I think my RBP of interest is binding to PolyA tails. I have fastq.gz files from a CLIP-seq experiment and I want to see if any of my reads have high polyA content. I tried using Star Aligner (version 2.5.3a) to index a very short sequence of A's and was successful:
STAR --runMode genomeGenerate --runThreadN 16 --genomeDir PolyA/star_index --genomeFastaFiles PolyA/PolyA.fasta --genomeSAindexNbases 2 --limitGenomeGenerateRAM 33000000000
I then tried aligning my fastq.gz to the indexed polyA genome.
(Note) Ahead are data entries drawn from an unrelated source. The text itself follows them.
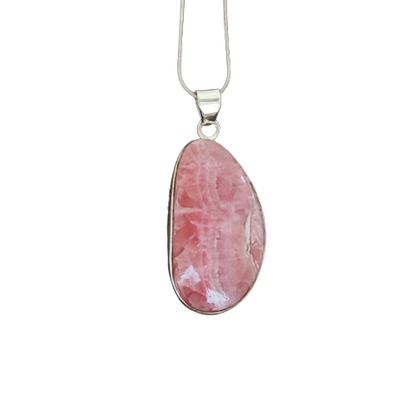 Rhodochrosite Solid 925 Sterling Silver Charm Pendant Rhodochrosite Statement Pendant, 39x19x6mm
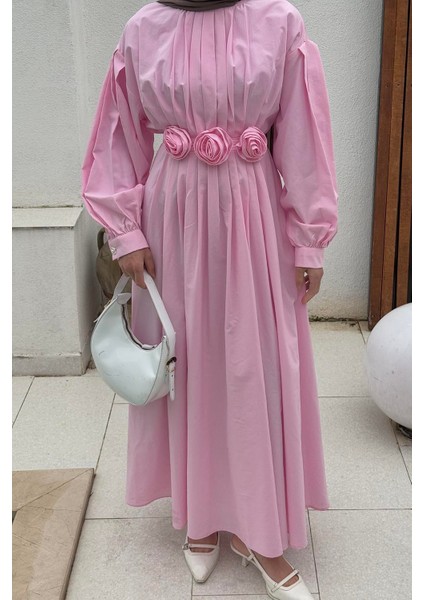 Pileli Poplin Elbise Şeker Pembesi modelleri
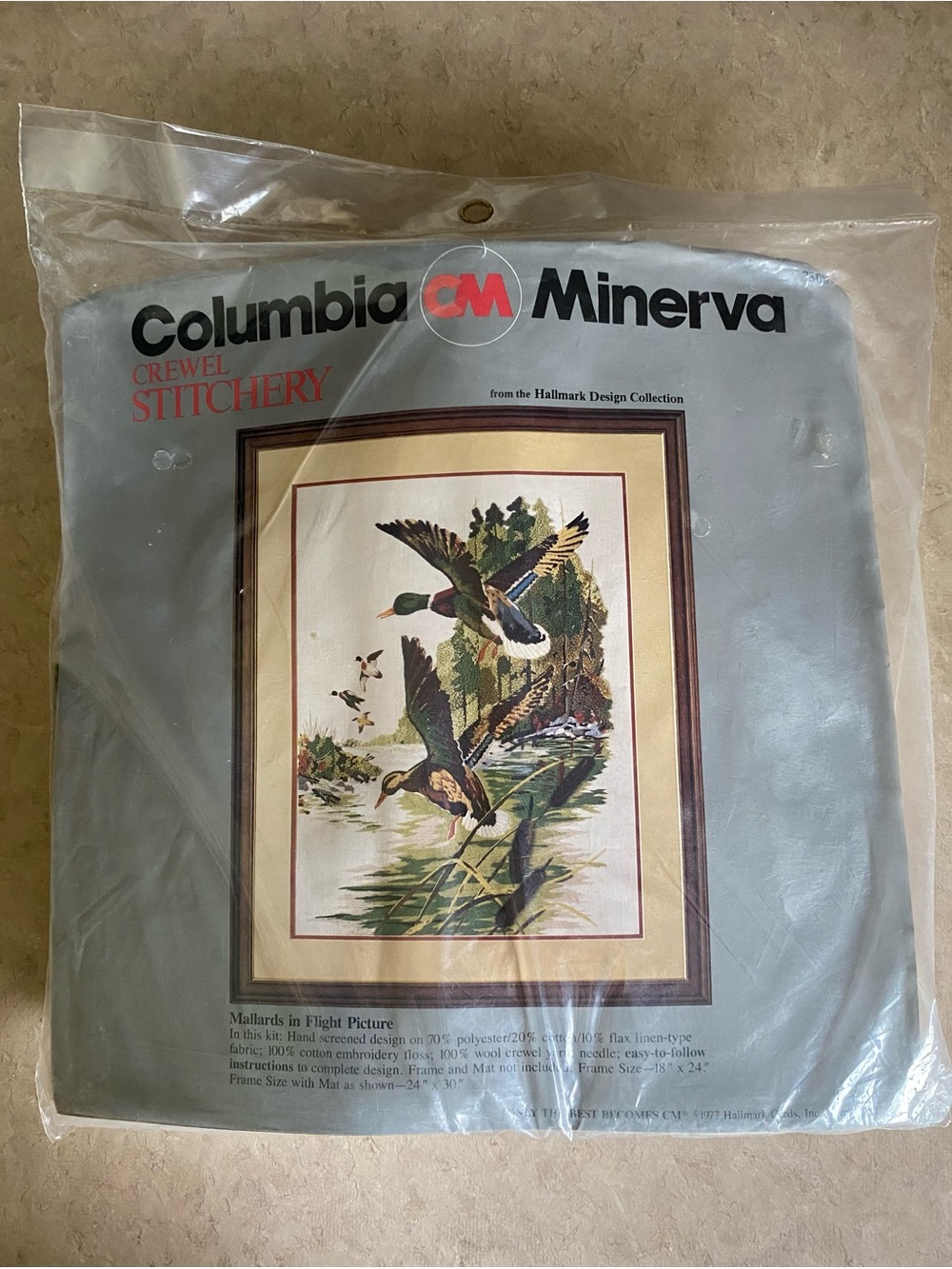 New Vintage 1977 Columbia Minerva Mallards in Flight crewel stitchery kit 18x24
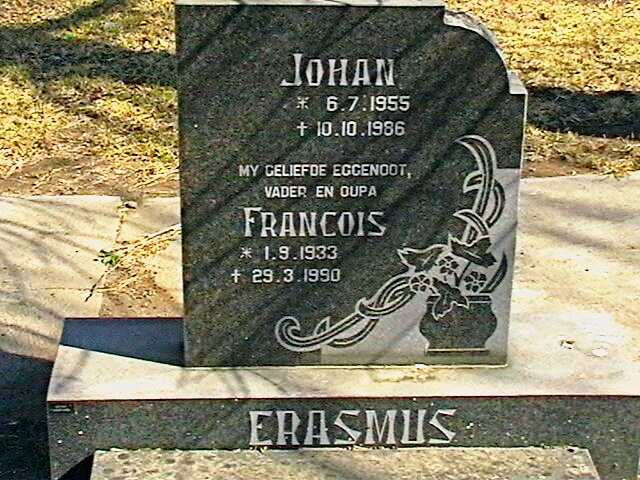 ERASMUS Francois 1933-1990 :: ERASMUS Johan 1955-1986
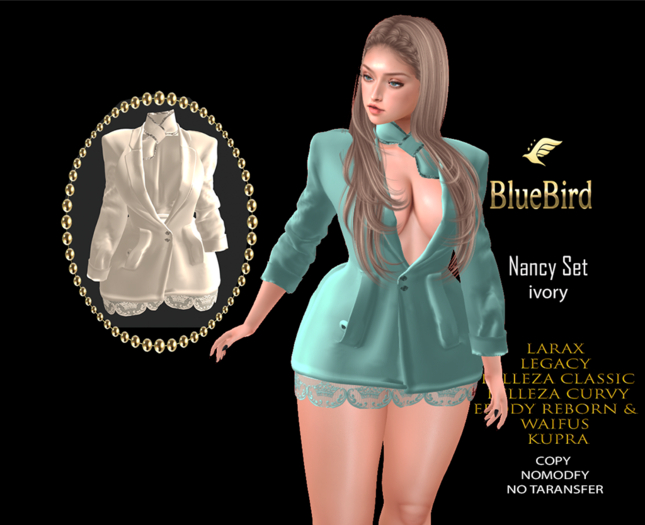 Blue Bird // Nancy-set ivory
The script ran for 24 hrs then aborted. When I aligned to the human genome, it was done in less than 20 minutes. The code I used is below:
STAR --runMode alignReads \ --runThreadN 16 \ --genomeDir ../genomes/PolyA/star_index \ --genomeLoad LoadAndRemove \ --readFilesIn pathtomyfile.fastq.gz \ --readFilesCommand zcat \ --outFilterMultimapNmax 20 \ --outFileNamePrefix myfileout.bam \ --outSAMattributes All \ --outSAMtype BAM Unsorted \ --outFilterMismatchNmax 10
Does anyone have suggestions at to why this failed? or have other recommendations to see how much polyA content I have in my samples?